Ich werd meine 9800pro noch solange behalten wie die Preise der Grakas so astronomisch bleiben, wenn ich ne X800pro Vivo für 300 euro bekommen kann schlag ich zu, aber 500 euro für ne X800pro wie im Moment ist doch echt realitätttsfremd  



PS: Ich weis das die Pro auch schon für 360 euro gelistet ist aber keiner der chops kann eine liefern(seit Monaten), die Billigste X800pro die lieferbar ist kostet 480 euronen


----------



## narotic (30. September 2004)

*AW: Wie viel Geld sind Sie bereit für eine neue Grafikkarte auszugeben?*



			
				iam-cool am 30.09.2004 11:17 schrieb:
			
		

> Ich werd meine 9800pro noch solange behalten wie die Preise der Grakas so astronomisch bleiben, wenn ich ne X800pro Vivo für 300 euro bekommen kann schlag ich zu, aber 500 euro für ne X800pro wie im Moment ist doch echt realitätttsfremd


so ist es. Die Grafikkarte hat immer noch ein sehr gutes Preis/Leistungsverhältnis, bis ich mir eine neue Grafikkarte kaufe vergeht noch einige Zeit. Und mehr als 200 Euro gebe ich niemals für eine Grafikkarte aus, da es einfach nichts bringt.


----------



## MiffiMoppelchen (30. September 2004)

*AW: Wie viel Geld sind Sie bereit für eine neue Grafikkarte auszugeben?*



			
				narotic am 30.09.2004 13:39 schrieb:
			
		

> so ist es. Die Grafikkarte hat immer noch ein sehr gutes Preis/Leistungsverhältnis, bis ich mir eine neue Grafikkarte kaufe vergeht noch einige Zeit. Und mehr als 200 Euro gebe ich niemals für eine Grafikkarte aus, da es einfach nichts bringt.


Es bringt schon etwas, da man in der Regel bei den 400+ EUR Karten AA und AF in hohen Einstellungen bei aktuellen Spielen nutzen kann. 
Wer diese Features "braucht" muss natürlich etwas tiefer in die Tasche greifen, als die Leute, die nicht bereit sind für ein paar weniger Ecken und Kanten bis zu 300 EUR mehr zu bezahlen (von der 200 EUR-Marke aus gesehen).


----------



## Shadow_Man (6. Oktober 2004)

*AW: Wie viel Geld sind Sie bereit für eine neue Grafikkarte auszugeben?*



			
				MiffiMoppelchen am 30.09.2004 14:18 schrieb:
			
		

> Es bringt schon etwas, da man in der Regel bei den 400+ EUR Karten AA und AF in hohen Einstellungen bei aktuellen Spielen nutzen kann.
> Wer diese Features "braucht" muss natürlich etwas tiefer in die Tasche greifen, als die Leute, die nicht bereit sind für ein paar weniger Ecken und Kanten bis zu 300 EUR mehr zu bezahlen (von der 200 EUR-Marke aus gesehen).

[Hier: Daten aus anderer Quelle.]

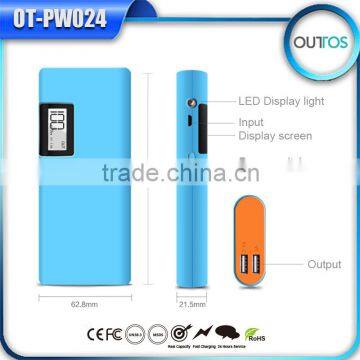 Real capacity dual USB power bank 13000mah with LCD digital display
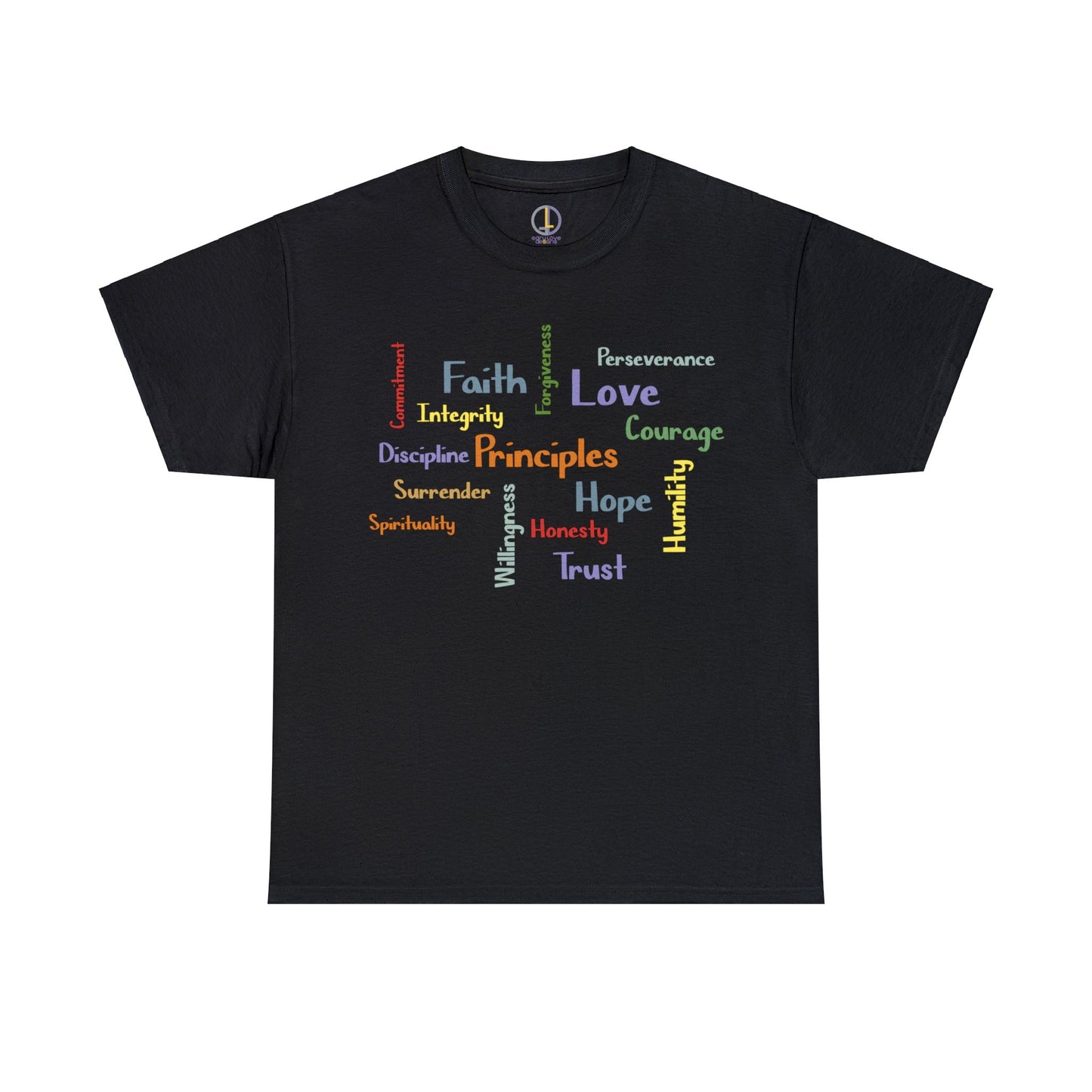 Spiritual Principles of Recovery, Word Cloud Design Graphic Tee, Graphic T-shirt, Gift for Recovery or Sober Anniversary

Sicherlich hast du recht miffi. Aber wer jetzt z.B. noch eine Radeon 9800 Pro hat, der wird sich mit Sicherheit keine Graka der neuen Generation für 500€ kaufen. So groß ist der Unterschied nämlich nun auch wieder nicht, dass er den Preis von 500€ gerechtfertigen würde. Da wartet man doch lieber bis sie irgendwann mal billiger sind.


----------



## MiffiMoppelchen (6. Oktober 2004)

*AW: Wie viel Geld sind Sie bereit für eine neue Grafikkarte auszugeben?*



			
				Shadow_Man am 06.10.2004 00:25 schrieb:
			
		

> MiffiMoppelchen am 30.09.2004 14:18 schrieb:
> 
> 
> 
> ...


Och, sag das nicht. Im 3DCenter-Forum gibt reichlich solcher Knalltüten. *g*



> So groß ist der Unterschied nämlich nun auch wieder nicht, dass er den Preis von 500€ gerechtfertigen würde. Da wartet man doch lieber bis sie irgendwann mal billiger sind.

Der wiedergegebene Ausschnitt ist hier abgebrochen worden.